Norway, Ireland and Spain announced Wednesday that they recognized a Palestinian state, a historic move that drew condemnation from Israel and jubilation from the Palestinians. Israel immediately ordered the return of its ambassadors from Norway and Ireland and appeared ready to do the same with its ambassador to Spain.

Formal recognition by the three nations of an independent Palestinian state will come into effect on May 28, Norwegian Foreign Minister Espen Barth Eide said at a news conference on Wednesday, Reuters news agency reports.

It was a whirlwind cascade of announcements. First there was Norway, whose Prime Minister Jonas Gahr Støre declared that “there can be no peace in the Middle East without recognition”, adding that “by recognizing a Palestinian state, Norway supports the Arab peace plan.

Several European Union countries have indicated in recent weeks that they are considering doing the same, arguing that a two-state solution is essential for lasting peace in the region. The decision could generate momentum for recognition of a Palestinian state by other EU countries and could prompt further action at the United Nations, deepening Israel’s isolation.

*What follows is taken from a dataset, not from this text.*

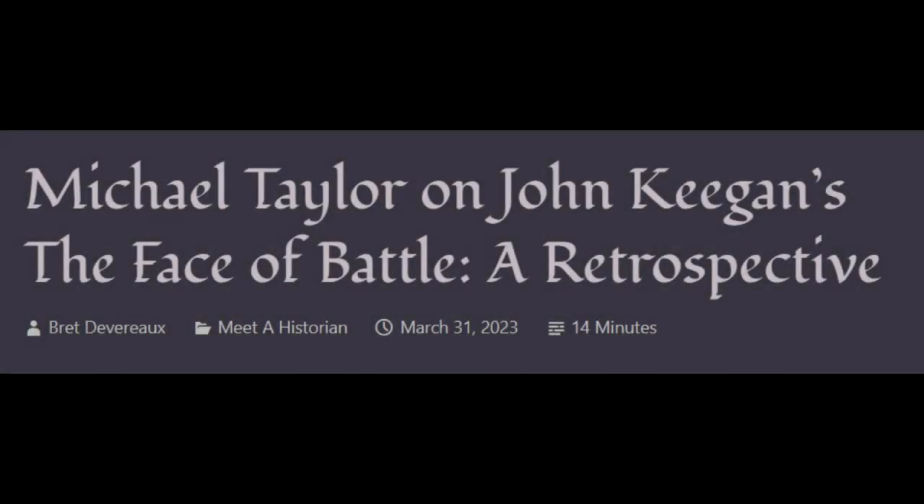From a collection of unmitigated pedantry, the blog of history professor Brett Devereaux. Michael Taylor on John Keegan's The Face of Battle, a retrospective.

Norway was first with its announcement

Norway, which is not a member of the European Union but echoes its approach, is a strong supporter of a two-state solution between Israel and the Palestinians.

Norwegian Prime Minister Jonas Gahr Store, right, next to Norwegian Foreign Minister Espen Barth Eide, announces during a press conference on May 22, 2024 in Oslo that Norway recognizes Palestine as an independent state as of May 28.


“Terrorism was committed by Hamas and militant groups that do not support a two-state solution and the State of Israel,” the Norwegian head of government said. “Palestine has a fundamental right to an independent state.”

The move comes as Israeli forces carried out attacks on the northern and southern borders of the Gaza Strip in May, provoking a new exodus of hundreds of thousands of people, and severely limiting the flow of aid, thus increasing the risk of starvation.

The Scandinavian country “will therefore consider Palestine as an independent state with all the rights and obligations that this implies”, declared Gahr Støre.

This development comes more than 30 years after the signing of the first Oslo Accord in 1993. Since then, “the Palestinians have made important steps towards a two-state solution,” the Norwegian government said.

It says the World Bank determined that a Palestinian state met the key criteria to function as a state in 2011 and that national institutions had been put in place to provide the population with important services.

“The war in Gaza and the continued expansion of illegal settlements in the West Bank still mean that the situation in Palestine is more difficult than it has been in decades,” the Norwegian government said.

Ireland followed suit

Irish Prime Minister Simon Harris also made the announcement on Wednesday, saying it was a coordinated decision with Spain and Norway, “a historic and important day for Ireland and for Palestine.” He said the move was aimed at helping resolve the Israeli-Palestinian conflict through a two-state solution.

Irish Prime Minister Simon Harris, center, flanked by Irish Foreign Minister Michel Martin, right, and Irish Transport Minister Eamon Ryan, delivers a speech during a press conference on May 22, 2024 in Dublin, in which he declares that their nation does indeed recognize a Palestinian state. May 28, 2024.

PAUL FOI / AFP via Getty Images

Harris said he believed other countries would join Norway, Spain and Ireland in recognizing a Palestinian state “in the coming weeks.”

Spain joined

Spanish Prime Minister Pedro Sánchez, his country’s socialist leader since 2018, made the expected announcement to his country’s Parliament on Wednesday.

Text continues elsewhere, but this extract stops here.